American college students also tend to be under the age of 30, lean towards the Democratic party, and are increasingly non-white. Additionally, interest in campus politics and student support for disinvitations, shoutdowns, and the use of violence as acceptable forms of protest has recently increased. Somewhat fortuitously, in our 2020 survey on student attitudes toward freedom of speech, FIRE asked students about how acceptable it was to use four different kinds of behavior to protest a campus speaker in our 2020 College Free Speech Survey. Specifically, students were asked if it was “always,” “sometimes,” “rarely,” or “never” acceptable for students to protest speech by:

  • Removing flyers or other advertisements for an upcoming speaker or event on campus?
  • Shouting down a speaker or trying to prevent them from talking?
  • Blocking students from entering a campus event?
  • Using violence to stop a speech or event on campus?

Overall number of students who say:

 

Overall, students said that removing flyers or advertisements and shouting down a speaker were more acceptable forms of protest than blocking students from entering a campus event or the use of violence. To some degree this makes sense and is encouraging — blocking entry and using violence are physical altercations, whereas removing flyers or advertisements or shouting a speaker down are not. Yet a notable portion of students still found these more violent forms of protest “always,” “sometimes,” or “rarely” acceptable. Gender, racial/ethnic, and partisan differences were evident in student responses, and this blog post summarizes them.

Removing flyers or other advertisements for an upcoming speaker or event on campus

36% of students say it is “never acceptable” to remove flyers or other advertisements for an upcoming speaker or event on campus. A similar percentage of students (34%) say such behavior is “rarely” acceptable, and about 1 in 3 say such behavior is “sometimes” (23%) or “always” (6%) acceptable. 

36% of students say it is “never acceptable” to remove flyers or other advertisements for an upcoming speaker or event on campus.

Roughly 2 in 5 male students (41%) say removing flyers or other advertisements was “never” acceptable, compared to roughly 1 in 3 female students (32%) and 1 in 5 non-binary students (21%). 

Racial/ethnic differences on this question are not as stark as the gender differences (and the partisan differences discussed below). Slightly fewer than two-fifths of white students (37%) and Hispanic/Latino students (39%) say it is “never” acceptable to remove flyers or other advertisements. About 1 in 3 black students (34%) and 30% of Asian students also say such behavior is never acceptable. 

Percentage of students in each ideological category saying the protest behavior is “never” acceptable.

Removing flyers or other advertisements for an upcoming speaker or event on campus?
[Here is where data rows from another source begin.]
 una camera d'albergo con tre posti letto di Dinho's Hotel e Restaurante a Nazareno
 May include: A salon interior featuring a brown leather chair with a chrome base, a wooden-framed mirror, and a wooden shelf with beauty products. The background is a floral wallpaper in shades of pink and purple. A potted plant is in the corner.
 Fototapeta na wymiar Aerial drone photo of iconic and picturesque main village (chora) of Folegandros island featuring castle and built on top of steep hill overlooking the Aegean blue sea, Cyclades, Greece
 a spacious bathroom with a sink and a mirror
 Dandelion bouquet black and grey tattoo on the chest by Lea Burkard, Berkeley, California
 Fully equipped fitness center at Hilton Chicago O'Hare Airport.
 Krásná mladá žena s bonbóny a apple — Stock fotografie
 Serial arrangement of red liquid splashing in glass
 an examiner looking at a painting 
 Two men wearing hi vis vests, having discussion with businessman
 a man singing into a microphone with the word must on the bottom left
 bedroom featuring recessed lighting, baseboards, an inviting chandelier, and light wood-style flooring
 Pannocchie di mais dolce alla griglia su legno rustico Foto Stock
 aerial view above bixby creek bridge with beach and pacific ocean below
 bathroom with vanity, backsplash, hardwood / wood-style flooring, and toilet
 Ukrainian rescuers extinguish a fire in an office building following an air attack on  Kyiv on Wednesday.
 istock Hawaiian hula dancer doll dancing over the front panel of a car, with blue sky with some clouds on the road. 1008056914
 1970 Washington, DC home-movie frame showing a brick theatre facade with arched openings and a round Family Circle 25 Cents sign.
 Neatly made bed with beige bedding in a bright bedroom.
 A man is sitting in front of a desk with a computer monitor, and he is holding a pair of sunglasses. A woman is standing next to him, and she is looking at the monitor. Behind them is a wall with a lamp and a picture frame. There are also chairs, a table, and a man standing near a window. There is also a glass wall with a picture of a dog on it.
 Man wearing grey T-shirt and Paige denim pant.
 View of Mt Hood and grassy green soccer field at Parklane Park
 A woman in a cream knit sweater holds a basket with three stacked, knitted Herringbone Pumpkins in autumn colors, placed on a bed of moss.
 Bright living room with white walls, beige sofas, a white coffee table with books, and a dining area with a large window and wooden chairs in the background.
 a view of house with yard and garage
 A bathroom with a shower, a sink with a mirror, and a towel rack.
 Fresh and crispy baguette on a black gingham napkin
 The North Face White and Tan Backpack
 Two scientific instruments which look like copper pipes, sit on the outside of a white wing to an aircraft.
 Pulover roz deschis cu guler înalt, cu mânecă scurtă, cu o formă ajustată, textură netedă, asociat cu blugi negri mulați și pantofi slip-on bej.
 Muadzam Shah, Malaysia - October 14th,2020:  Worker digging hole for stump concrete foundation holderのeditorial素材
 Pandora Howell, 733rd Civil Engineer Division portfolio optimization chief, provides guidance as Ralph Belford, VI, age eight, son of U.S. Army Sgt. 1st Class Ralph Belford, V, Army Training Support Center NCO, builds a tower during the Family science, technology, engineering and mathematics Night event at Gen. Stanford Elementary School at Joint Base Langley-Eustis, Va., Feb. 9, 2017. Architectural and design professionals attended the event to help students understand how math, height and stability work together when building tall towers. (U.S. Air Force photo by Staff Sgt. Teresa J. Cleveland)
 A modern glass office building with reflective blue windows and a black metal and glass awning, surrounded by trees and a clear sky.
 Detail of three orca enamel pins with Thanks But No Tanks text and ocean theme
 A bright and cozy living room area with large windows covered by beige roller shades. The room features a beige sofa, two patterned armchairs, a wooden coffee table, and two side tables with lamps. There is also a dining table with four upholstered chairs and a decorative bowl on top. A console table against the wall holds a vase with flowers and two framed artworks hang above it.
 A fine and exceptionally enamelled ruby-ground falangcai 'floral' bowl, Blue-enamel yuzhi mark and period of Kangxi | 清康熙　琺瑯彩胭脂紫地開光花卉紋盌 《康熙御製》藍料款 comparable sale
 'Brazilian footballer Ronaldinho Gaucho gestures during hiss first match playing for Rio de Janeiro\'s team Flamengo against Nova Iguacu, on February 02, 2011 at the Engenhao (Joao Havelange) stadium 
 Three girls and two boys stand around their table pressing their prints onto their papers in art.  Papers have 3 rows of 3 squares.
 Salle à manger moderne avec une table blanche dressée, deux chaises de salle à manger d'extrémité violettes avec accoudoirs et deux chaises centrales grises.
Shouting down a speaker or trying to prevent them from speaking on campus? Blocking students from entering a campus event? Using violence to stop a speech or event on campus?
Extremely liberal 14% 13% 36% 61%
Liberal 22% 21% 51% 80%
Slightly liberal 28% 29% 59% 83%
Moderate 43% 46% 70% 85%
Slightly conservative 49% 53% 74% 88%
Conservative 55% 63% 78% 89%
Extremely conservative 61% 67% 78% 85%

 

Finally, clear partisan differences on answers to this question are evident. Overall, 22% of liberal students (those who identified as “extremely liberal,” “liberal,” or “slightly liberal”) say it is “never” acceptable to remove flyers or other advertisements. This compares to 43% of moderate students who say such behavior is “never” acceptable, and 53% of conservative students (those who identified as “extremely conservative,” “conservative,” or “slightly conservative”). 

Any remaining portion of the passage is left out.